Stefan Wul, l’auteur du roman éponyme qui sert de base au présent scénario, imagine, dès 1957, une intrigue basée sur la raréfaction de la matière organique absolument indispensable à la vie. Il conçoit cette pénurie avec des données scientifiques d’une grande pertinence, conjuguant ce sujet avec une invasion de créatures qui menacent les humains, multipliant ainsi les dangers pour l’humanité.
L’esprit de la collection dans laquelle a paru ce roman, à l’époque, permettait une intrigue dense, ramassée, privilégiant l’action pour l’action. Le profil des personnages était peu complexe, avec des sujets peu approfondis. Alors que la quasi-totalité de ses romans se démarquaient de cette ligne directrice, Stefan Wul avait sacrifié à cette tendance pour La Peur géante. Denis Lapière, dans ce tome, retrouve cet esprit et étire quelque peu l’intrigue en mettant en avant des actions détaillées, utilisant plusieurs planches. Mais il les met en scène avec un savoir-faire certain.
Le bouleversement a commencé quand l’eau n’a gelé qu’à des températures très basses. Puis d’étranges créatures marines sont apparues juste avant le cataclysme. La Terre est inondée mais l’accès à l’eau est difficile. Les créatures que les humains ont baptisées Torpèdes, infestent toutes les côtes pour en interdire l’accès. L’armée lutte contre elles avec Bruno Daix en première ligne. Celui-ci est à Paris, à la tête d’un escadron qui les affronte régulièrement. Il réussit à en capturer afin de les étudier et trouver le moyen de combattre plus efficacement. Kou-Sien Tchei, spécialiste de l’étude du langage, rejoint la base où sont retenues les Torpèdes capturées pour comprendre leur façon de communiquer. Le Haut-commandement pense avoir localisé le cœur du territoire torpède et a fait mettre au point un bathyscaphe de combat très spécial. C’est Pol, l’ami de Bruno qui pilotera le prototype. Kou-Sien recherche la nature des signaux émis par les créatures alors qu’un nouveau danger menace ce qui reste de l’humanité : l’eau ne s’évapore plus !

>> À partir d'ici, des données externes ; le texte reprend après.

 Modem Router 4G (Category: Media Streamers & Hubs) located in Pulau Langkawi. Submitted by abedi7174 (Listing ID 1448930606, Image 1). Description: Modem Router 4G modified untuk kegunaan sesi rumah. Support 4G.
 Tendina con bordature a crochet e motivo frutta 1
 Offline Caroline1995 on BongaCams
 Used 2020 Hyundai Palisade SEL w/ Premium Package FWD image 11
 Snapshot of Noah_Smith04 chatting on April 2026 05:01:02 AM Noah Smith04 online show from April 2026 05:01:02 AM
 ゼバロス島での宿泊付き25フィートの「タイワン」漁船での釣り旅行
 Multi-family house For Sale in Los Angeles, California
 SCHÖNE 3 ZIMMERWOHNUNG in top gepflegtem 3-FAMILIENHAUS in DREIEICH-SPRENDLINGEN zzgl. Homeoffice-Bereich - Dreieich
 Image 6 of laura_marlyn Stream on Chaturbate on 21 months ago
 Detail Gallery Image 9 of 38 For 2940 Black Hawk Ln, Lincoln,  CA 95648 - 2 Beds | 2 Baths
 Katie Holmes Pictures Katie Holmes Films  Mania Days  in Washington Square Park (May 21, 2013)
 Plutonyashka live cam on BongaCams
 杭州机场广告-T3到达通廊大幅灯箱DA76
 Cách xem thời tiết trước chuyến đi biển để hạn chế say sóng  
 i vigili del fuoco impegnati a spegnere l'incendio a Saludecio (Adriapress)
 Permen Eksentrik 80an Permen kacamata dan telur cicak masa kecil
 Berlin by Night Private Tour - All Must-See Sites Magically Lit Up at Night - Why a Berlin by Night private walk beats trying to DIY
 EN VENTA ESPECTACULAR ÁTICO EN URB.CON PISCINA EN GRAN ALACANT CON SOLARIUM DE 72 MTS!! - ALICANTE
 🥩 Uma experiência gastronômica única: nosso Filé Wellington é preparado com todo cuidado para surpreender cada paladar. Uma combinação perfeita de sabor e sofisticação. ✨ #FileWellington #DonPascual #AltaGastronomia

Ce scénario est superbement mis en images par un Mathieu Reynès inspiré qui réalise des planches d’une grande beauté et d’un dynamisme certain dans la retranscription des scènes d’action. Avec des lignes épurées, une variation des cadrages, il donne une réelle vision de l’histoire, réussissant de belles vues maritimes, de Paris inondé…. La colorisation tient une place importante car c’est par elle que passe la mise en volume, le relief. Elle a nécessité ici l’intervention de trois personnes à savoir : Aintzane landa, Pedro J. Colombo et Stéphane Richard pour une collaboration réussie.
Ce second album, même s’il temporise sur la progression de l’intrigue, se lit avec beaucoup de plaisir tant les pages sont joliment organisées. Le dernier tome de la trilogie devrait emmener vers une chute que Stefan Wul savait rendre spectaculaire.
serge perraud
Denis Lapière (scénario), Mathieu Reynès (dessin), Aintzane landa, Pedro J. Colombo, Stéphane Richard (couleur), La Peur géante, t. 2 : “L’ennemi des profondeurs”, coll. “Les univers de Stefan Wul”, Ankama, avril 2015, 56 p. – 13,90 €.